Transcribe, word for word, every record in the data below.

****************

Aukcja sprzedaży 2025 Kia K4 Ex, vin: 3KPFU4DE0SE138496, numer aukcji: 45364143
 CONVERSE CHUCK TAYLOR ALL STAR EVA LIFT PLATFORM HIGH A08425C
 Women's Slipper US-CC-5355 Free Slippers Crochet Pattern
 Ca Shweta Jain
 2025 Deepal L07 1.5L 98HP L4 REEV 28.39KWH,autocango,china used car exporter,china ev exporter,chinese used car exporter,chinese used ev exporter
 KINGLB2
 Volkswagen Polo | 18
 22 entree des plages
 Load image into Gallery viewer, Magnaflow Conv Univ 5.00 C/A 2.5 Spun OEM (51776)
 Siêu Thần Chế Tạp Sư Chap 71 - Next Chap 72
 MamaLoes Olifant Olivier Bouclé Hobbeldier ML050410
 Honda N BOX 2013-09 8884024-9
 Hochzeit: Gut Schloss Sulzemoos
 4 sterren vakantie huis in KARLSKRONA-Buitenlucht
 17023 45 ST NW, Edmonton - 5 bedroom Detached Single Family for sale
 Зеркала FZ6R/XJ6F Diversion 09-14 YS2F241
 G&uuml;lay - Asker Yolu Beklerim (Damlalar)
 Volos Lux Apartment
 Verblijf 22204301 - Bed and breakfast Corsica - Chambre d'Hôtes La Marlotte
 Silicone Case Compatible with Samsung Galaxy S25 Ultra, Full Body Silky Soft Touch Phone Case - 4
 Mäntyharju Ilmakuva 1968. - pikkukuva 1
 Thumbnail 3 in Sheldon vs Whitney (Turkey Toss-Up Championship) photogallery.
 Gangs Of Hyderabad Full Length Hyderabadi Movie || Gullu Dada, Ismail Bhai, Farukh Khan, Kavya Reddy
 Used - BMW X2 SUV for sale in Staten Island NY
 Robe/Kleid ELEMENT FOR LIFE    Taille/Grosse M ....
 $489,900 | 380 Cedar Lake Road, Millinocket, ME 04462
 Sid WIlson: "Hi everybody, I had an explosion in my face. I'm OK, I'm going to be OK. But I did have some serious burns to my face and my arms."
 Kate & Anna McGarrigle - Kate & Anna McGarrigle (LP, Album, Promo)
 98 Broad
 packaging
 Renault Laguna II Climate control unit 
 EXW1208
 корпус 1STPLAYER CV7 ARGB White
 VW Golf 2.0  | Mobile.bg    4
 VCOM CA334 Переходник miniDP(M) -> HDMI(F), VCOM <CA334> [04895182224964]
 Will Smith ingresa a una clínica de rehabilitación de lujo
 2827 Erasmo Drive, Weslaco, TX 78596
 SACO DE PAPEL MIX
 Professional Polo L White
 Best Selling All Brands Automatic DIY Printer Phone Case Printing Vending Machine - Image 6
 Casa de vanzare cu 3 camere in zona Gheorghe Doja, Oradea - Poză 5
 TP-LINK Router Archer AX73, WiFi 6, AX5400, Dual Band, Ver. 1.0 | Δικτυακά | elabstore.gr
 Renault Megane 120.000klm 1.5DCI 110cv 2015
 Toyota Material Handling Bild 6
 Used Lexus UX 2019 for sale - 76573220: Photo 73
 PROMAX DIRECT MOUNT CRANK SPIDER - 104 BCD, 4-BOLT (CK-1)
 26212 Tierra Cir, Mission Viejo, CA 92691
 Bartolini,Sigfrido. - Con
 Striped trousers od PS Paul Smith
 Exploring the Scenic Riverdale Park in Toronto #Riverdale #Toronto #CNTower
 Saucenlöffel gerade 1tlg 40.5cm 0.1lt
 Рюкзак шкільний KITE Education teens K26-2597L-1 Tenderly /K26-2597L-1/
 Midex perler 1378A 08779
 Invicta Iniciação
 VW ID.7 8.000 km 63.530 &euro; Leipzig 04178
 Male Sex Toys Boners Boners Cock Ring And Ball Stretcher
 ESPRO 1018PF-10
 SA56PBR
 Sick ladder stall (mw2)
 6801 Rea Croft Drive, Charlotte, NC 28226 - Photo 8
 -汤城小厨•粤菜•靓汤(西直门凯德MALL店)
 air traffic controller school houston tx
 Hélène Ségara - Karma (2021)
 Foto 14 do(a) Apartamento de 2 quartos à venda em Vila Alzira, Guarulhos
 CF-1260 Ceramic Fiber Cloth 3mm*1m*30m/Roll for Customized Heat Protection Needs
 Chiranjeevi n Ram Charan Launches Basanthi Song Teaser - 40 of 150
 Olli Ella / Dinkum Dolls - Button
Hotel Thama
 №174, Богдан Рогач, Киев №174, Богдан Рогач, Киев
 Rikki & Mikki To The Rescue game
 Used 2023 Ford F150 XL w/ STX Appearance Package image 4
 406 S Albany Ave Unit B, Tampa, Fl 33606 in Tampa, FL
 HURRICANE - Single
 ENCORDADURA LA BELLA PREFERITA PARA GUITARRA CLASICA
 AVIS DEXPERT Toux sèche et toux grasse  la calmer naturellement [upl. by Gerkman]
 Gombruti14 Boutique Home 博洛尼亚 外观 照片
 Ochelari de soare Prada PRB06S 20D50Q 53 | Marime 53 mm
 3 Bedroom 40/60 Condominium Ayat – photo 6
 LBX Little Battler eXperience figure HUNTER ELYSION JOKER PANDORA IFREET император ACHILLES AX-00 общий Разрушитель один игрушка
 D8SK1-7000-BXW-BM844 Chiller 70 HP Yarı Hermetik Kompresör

****************

Task output
Aukcja sprzedaży 2025 Kia K4 Ex, vin: 3KPFU4DE0SE138496, numer aukcji: 45364143
 CONVERSE CHUCK TAYLOR ALL STAR EVA LIFT PLATFORM HIGH A08425C
 Women's Slipper US-CC-5355 Free Slippers Crochet Pattern
 Ca Shweta Jain
 2025 Deepal L07 1.5L 98HP L4 REEV 28.39KWH,autocango,china used car exporter,china ev exporter,chinese used car exporter,chinese used ev exporter
 KINGLB2
 Volkswagen Polo | 18
 22 entree des plages
 Load image into Gallery viewer, Magnaflow Conv Univ 5.00 C/A 2.5 Spun OEM (51776)
 Siêu Thần Chế Tạp Sư Chap 71 - Next Chap 72
 MamaLoes Olifant Olivier Bouclé Hobbeldier ML050410
 Honda N BOX 2013-09 8884024-9
 Hochzeit: Gut Schloss Sulzemoos
 4 sterren vakantie huis in KARLSKRONA-Buitenlucht
 17023 45 ST NW, Edmonton - 5 bedroom Detached Single Family for sale
 Зеркала FZ6R/XJ6F Diversion 09-14 YS2F241
 G&uuml;lay - Asker Yolu Beklerim (Damlalar)
 Volos Lux Apartment
 Verblijf 22204301 - Bed and breakfast Corsica - Chambre d'Hôtes La Marlotte
 Silicone Case Compatible with Samsung Galaxy S25 Ultra, Full Body Silky Soft Touch Phone Case - 4
 Mäntyharju Ilmakuva 1968. - pikkukuva 1
 Thumbnail 3 in Sheldon vs Whitney (Turkey Toss-Up Championship) photogallery.
 Gangs Of Hyderabad Full Length Hyderabadi Movie || Gullu Dada, Ismail Bhai, Farukh Khan, Kavya Reddy
 Used - BMW X2 SUV for sale in Staten Island NY
 Robe/Kleid ELEMENT FOR LIFE    Taille/Grosse M ....
 $489,900 | 380 Cedar Lake Road, Millinocket, ME 04462
 Sid WIlson: "Hi everybody, I had an explosion in my face. I'm OK, I'm going to be OK. But I did have some serious burns to my face and my arms."
 Kate & Anna McGarrigle - Kate & Anna McGarrigle (LP, Album, Promo)
 98 Broad
 packaging
 Renault Laguna II Climate control unit 
 EXW1208
 корпус 1STPLAYER CV7 ARGB White
 VW Golf 2.0  | Mobile.bg    4
 VCOM CA334 Переходник miniDP(M) -> HDMI(F), VCOM <CA334> [04895182224964]
 Will Smith ingresa a una clínica de rehabilitación de lujo
 2827 Erasmo Drive, Weslaco, TX 78596
 SACO DE PAPEL MIX
 Professional Polo L White
 Best Selling All Brands Automatic DIY Printer Phone Case Printing Vending Machine - Image 6
 Casa de vanzare cu 3 camere in zona Gheorghe Doja, Oradea - Poză 5
 TP-LINK Router Archer AX73, WiFi 6, AX5400, Dual Band, Ver. 1.0 | Δικτυακά | elabstore.gr
 Renault Megane 120.000klm 1.5DCI 110cv 2015
 Toyota Material Handling Bild 6
 Used Lexus UX 2019 for sale - 76573220: Photo 73
 PROMAX DIRECT MOUNT CRANK SPIDER - 104 BCD, 4-BOLT (CK-1)
 26212 Tierra Cir, Mission Viejo, CA 92691
 Bartolini,Sigfrido. - Con
 Striped trousers od PS Paul Smith
 Exploring the Scenic Riverdale Park in Toronto #Riverdale #Toronto #CNTower
 Saucenlöffel gerade 1tlg 40.5cm 0.1lt
 Рюкзак шкільний KITE Education teens K26-2597L-1 Tenderly /K26-2597L-1/
 Midex perler 1378A 08779
 Invicta Iniciação
 VW ID.7 8.000 km 63.530 &euro; Leipzig 04178
 Male Sex Toys Boners Boners Cock Ring And Ball Stretcher
 ESPRO 1018PF-10
 SA56PBR
 Sick ladder stall (mw2)
 6801 Rea Croft Drive, Charlotte, NC 28226 - Photo 8
 -汤城小厨•粤菜•靓汤(西直门凯德MALL店)
 air traffic controller school houston tx
 Hélène Ségara - Karma (2021)
 Foto 14 do(a) Apartamento de 2 quartos à venda em Vila Alzira, Guarulhos
 CF-1260 Ceramic Fiber Cloth 3mm*1m*30m/Roll for Customized Heat Protection Needs
 Chiranjeevi n Ram Charan Launches Basanthi Song Teaser - 40 of 150
 Olli Ella / Dinkum Dolls - Button
Hotel Thama
 №174, Богдан Рогач, Киев №174, Богдан Рогач, Киев
 Rikki & Mikki To The Rescue game
 Used 2023 Ford F150 XL w/ STX Appearance Package image 4
 406 S Albany Ave Unit B, Tampa, Fl 33606 in Tampa, FL
 HURRICANE - Single
 ENCORDADURA LA BELLA PREFERITA PARA GUITARRA CLASICA
 AVIS DEXPERT Toux sèche et toux grasse  la calmer naturellement [upl. by Gerkman]
 Gombruti14 Boutique Home 博洛尼亚 外观 照片
 Ochelari de soare Prada PRB06S 20D50Q 53 | Marime 53 mm
 3 Bedroom 40/60 Condominium Ayat – photo 6
 LBX Little Battler eXperience figure HUNTER ELYSION JOKER PANDORA IFREET император ACHILLES AX-00 общий Разрушитель один игрушка
 D8SK1-7000-BXW-BM844 Chiller 70 HP Yarı Hermetik Kompresör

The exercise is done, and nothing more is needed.